It seemed like an innocuous enough update. Someone yanked bootstrap-sass ruby gem version 3.2.0.2 and published 3.2.0.3. Ruby gems more or less follows the SemVer versioning scheme (albeit with an extra version number). An increment of the patch number communicates that this release should be a safe bug fix update. The command, bundle update --patch, should be safe as it updates to the next patch version which should be safe.

Only, in this case, it was not. Version 3.2.0.3 of bootstrap-sass contained a remote execution vulnerability. Fortunately, a sharp-eyed Derek Barnes noticed something was askance and opened an issue. He noticed there was some code in the gem that was not in the GitHub repository. This code created a remote execution exploit. For more detail about what happened, check out this write-up on the Snyk blog.

Code Provenance

My last post discussed how verified identities could help avoid malicious packages. The bootstrap-sass vulnerability reminds us that bad actors can co-opt identities. In the case of bootstrap-sass, the Snyk post notes…

We assume that the attacker has obtained the credentials to publish the malicious RubyGems package from one of the two maintainers, but this has not been officially confirmed.

I’ve written a lot about how package signing is not the solution.

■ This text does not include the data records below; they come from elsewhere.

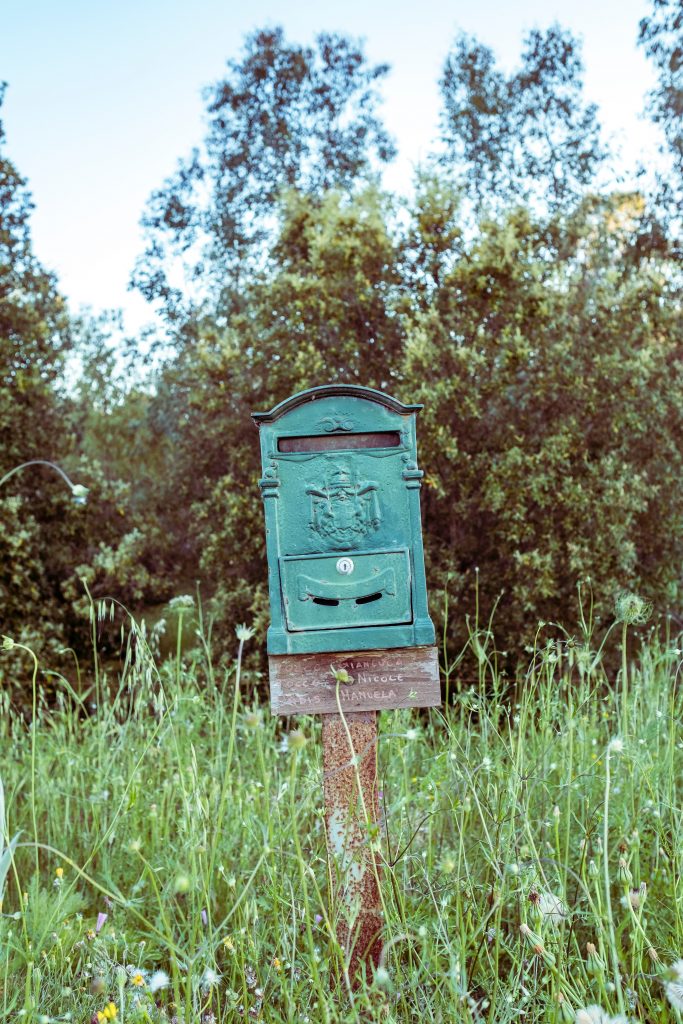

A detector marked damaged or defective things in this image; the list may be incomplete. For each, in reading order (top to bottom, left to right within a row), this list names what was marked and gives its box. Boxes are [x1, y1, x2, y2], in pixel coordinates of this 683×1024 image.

rusty metal post [321, 712, 382, 983]
rust stain [321, 712, 382, 983] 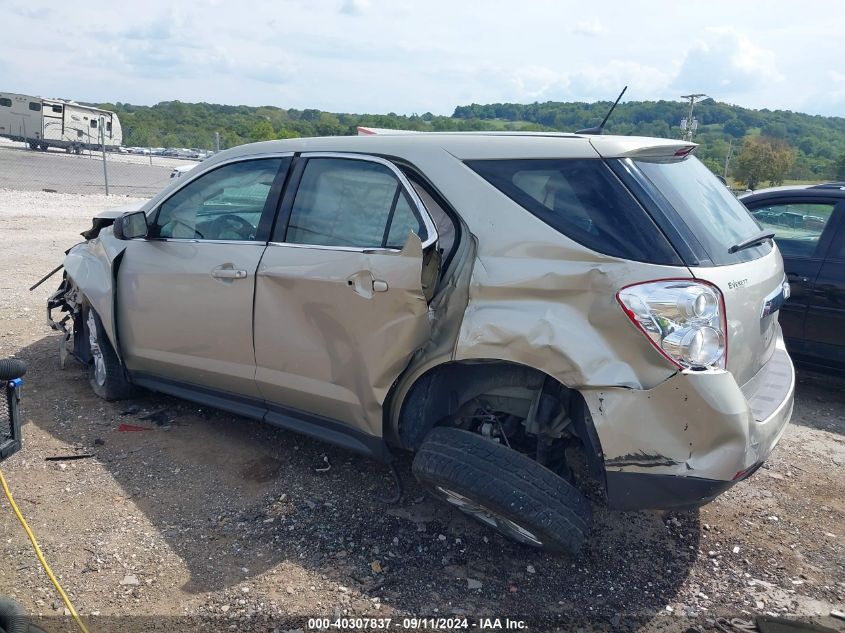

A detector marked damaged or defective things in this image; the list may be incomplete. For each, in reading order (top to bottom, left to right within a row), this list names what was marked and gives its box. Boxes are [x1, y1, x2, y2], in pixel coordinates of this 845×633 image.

dented front door [252, 154, 436, 434]
damaged chevrolet equinox [49, 133, 796, 552]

In this case, it’s ironic, because package signing could have helped. We assume the attackers only obtained the credentials to rubygems.org. In that case, they could not upload a package with a proper signature.

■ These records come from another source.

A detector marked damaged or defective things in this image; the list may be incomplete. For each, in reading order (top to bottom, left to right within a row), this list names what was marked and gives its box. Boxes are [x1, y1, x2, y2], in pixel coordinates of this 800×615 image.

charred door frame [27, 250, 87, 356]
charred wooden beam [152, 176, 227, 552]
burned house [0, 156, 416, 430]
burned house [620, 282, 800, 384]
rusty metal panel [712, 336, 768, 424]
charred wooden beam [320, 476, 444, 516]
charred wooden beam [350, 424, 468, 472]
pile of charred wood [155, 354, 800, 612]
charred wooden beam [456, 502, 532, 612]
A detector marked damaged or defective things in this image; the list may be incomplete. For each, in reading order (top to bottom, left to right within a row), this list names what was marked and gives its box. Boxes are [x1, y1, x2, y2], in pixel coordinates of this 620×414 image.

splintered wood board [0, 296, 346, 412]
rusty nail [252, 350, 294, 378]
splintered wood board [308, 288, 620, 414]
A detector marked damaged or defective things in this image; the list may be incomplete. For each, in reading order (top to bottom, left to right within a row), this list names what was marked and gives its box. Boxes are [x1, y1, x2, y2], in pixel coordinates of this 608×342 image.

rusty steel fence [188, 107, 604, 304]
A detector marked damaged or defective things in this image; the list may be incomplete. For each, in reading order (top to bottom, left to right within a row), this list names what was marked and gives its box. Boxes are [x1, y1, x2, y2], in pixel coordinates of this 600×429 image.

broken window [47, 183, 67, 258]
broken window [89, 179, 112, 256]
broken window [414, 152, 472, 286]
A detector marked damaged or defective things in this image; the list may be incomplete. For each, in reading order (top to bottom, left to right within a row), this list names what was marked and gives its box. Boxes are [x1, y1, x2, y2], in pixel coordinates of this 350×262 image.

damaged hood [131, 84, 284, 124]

Of course, this only helps if everyone who installs the gem verifies its signature. It also assumes that the attackers didn’t also steal the signing key.

In practice, almost nobody signs their gems as vcsjones noted on Twitter. If nobody signs packages, nobody bothers to verify them.

Matching Package to Repository

There’s another approach that could help mitigate this sort of attack. Imagine that we have a way to confirm that an uploaded package matches a commit SHA on GitHub. The registry could flag that the malicious package had extra code not on GitHub and reject it. How useful would that be!?

What about the GitHub Package Registry (GPR)? Does GPR address this scenario?

It’s a step in the right direction, but it doesn’t solve this problem yet. The best way to think about GPR is it’s a per-repository package registry. It’s a place to put your nightly builds. It’s less like NuGet and NPM, which provide a feed for all packages, and more like MyGet, with its per-package feed.

GPR can associate a commit to the package in the feed, but at this point, it is a weak association. GPR does not confirm that a package matches the code in the repository. It’s still possible for a build process to insert all sorts of code into a package before publishing it.

Fingerprinting Package to Commit SHA

I’ve talked to Phani Rajuyn about this problem in the past. Phani is the lead developer for GPR. He proposed an interesting idea to fingerprint packages against code. Imagine we could generate a fingerprint from a package. And then imagine that we could match that fingerprint up with a fingerprint from the source code. We’d have a deterministic way to know that the code for a commit SHA built a package.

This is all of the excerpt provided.